The Catacombs were not my only somber stop. At Montparnasse Cemetery, I visited the tomb of Simone de Beauvoir. The grave itself is simple, but flowers and notes left by visitors make it feel alive. Standing there, I thought about how de Beauvoir’s voice still resonates—how fiercely she challenged oppression, and how surely she would have condemned the injustices faced by characters like Fantine. Fantine’s descent into prostitution is not just personal tragedy; it is a social failure and the result of systems that punish women for vulnerabilities they did not choose. I could almost imagine de Beauvoir writing an essay on Fantine, placing her alongside overlooked women of history.

Tomb of Simone de Beauvoir at Montparnasse Cemetery

These moments—in museums, opera houses, along the river, or underground—shaped my experience of Paris into something richer than a checklist of sights. The city feels like a living novel, its chapters scattered across neighborhoods, each telling a unique story. Some are quiet, like the nun’s umbrella. Some are grand, like the opera’s gilded balconies.
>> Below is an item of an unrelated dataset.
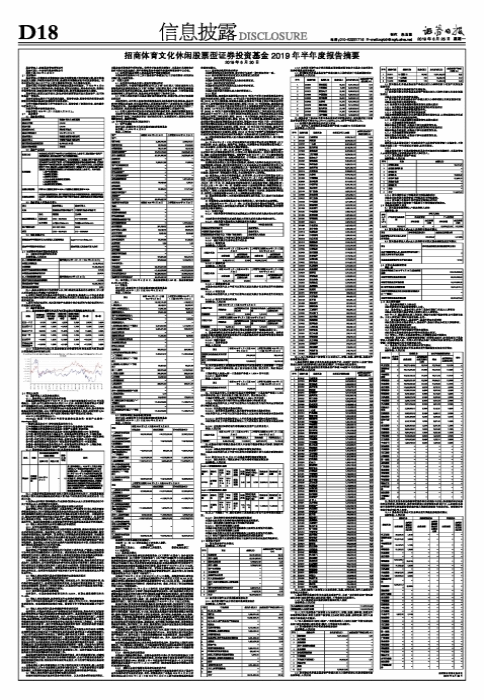 招商体育文化休闲股票型证券投资基金2019年半年度报告摘要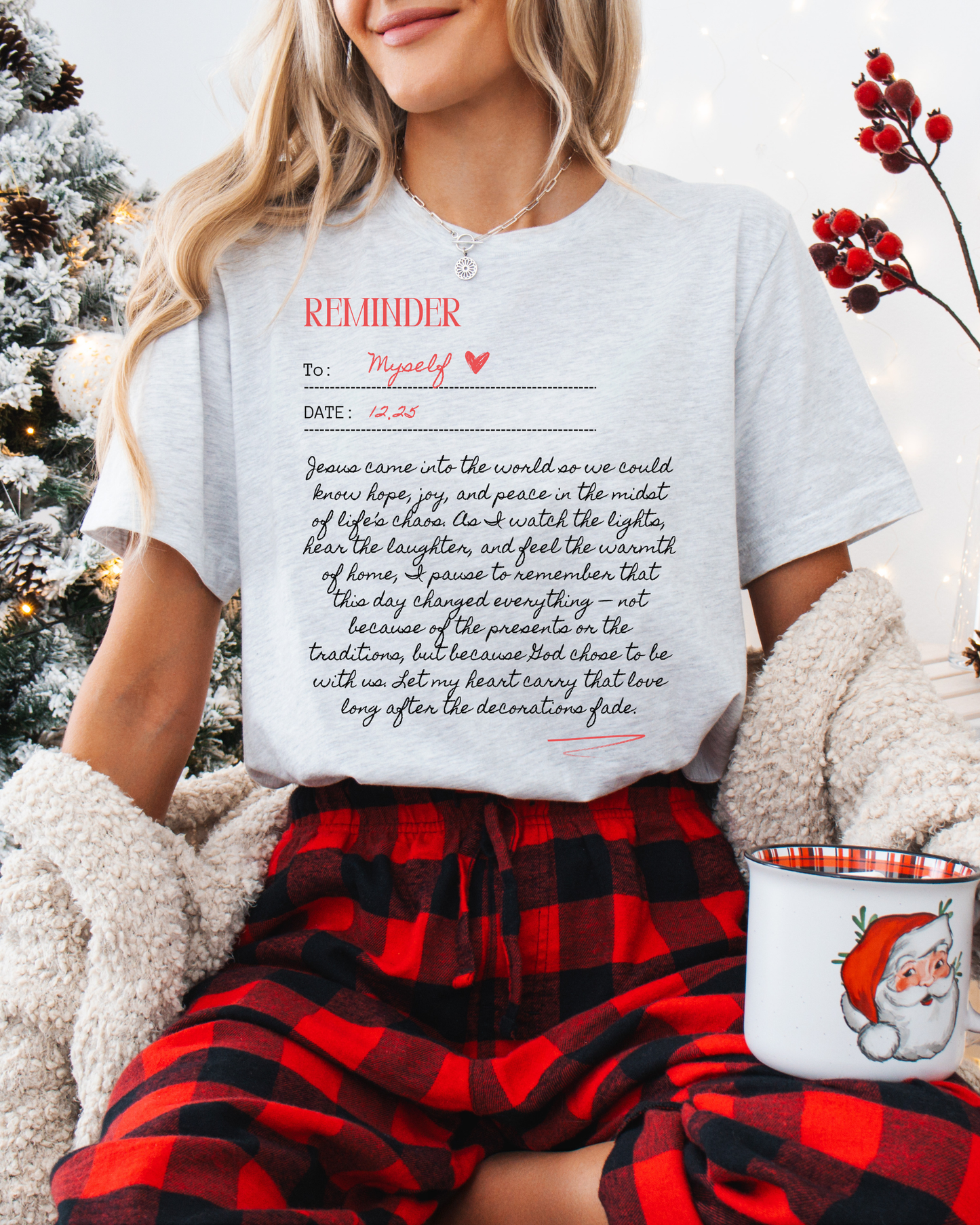 Personalized Reminder (Unisex Tee)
Some devastating, like the Catacombs. And some quietly defiant, like Simone de Beauvoir’s grave, holding steady against time.

Walking through Paris, I noticed how art, history, and daily life blur into one another. One minute, you can be looking at a centuries-old painting; the next, sipping coffee by the Seine. You can stand where Hugo described scenes in Les Misérables and realize that while the city has changed, the human struggles he wrote about—poverty, injustice, resilience—still find reflections here.

As my trip comes to a close, I keep returning to the idea of sacrifice. Whether the sacrifice of nuns at the convent, the lives lost in the Catacombs, or the fictional sacrifices of characters like Fantine, who gives up everything for her child—these sacrifices carry weight. But Paris has also shown me the flip side: community, beauty, and the ways people protect one another. If Hugo’s Paris was a city of shadows and barricades, today’s Paris is a city of layers. It holds space for joy and grief, for memory and reinvention. And as I pack my bags, I am grateful to have stepped into so many of its chapters, knowing each will follow me long after I leave.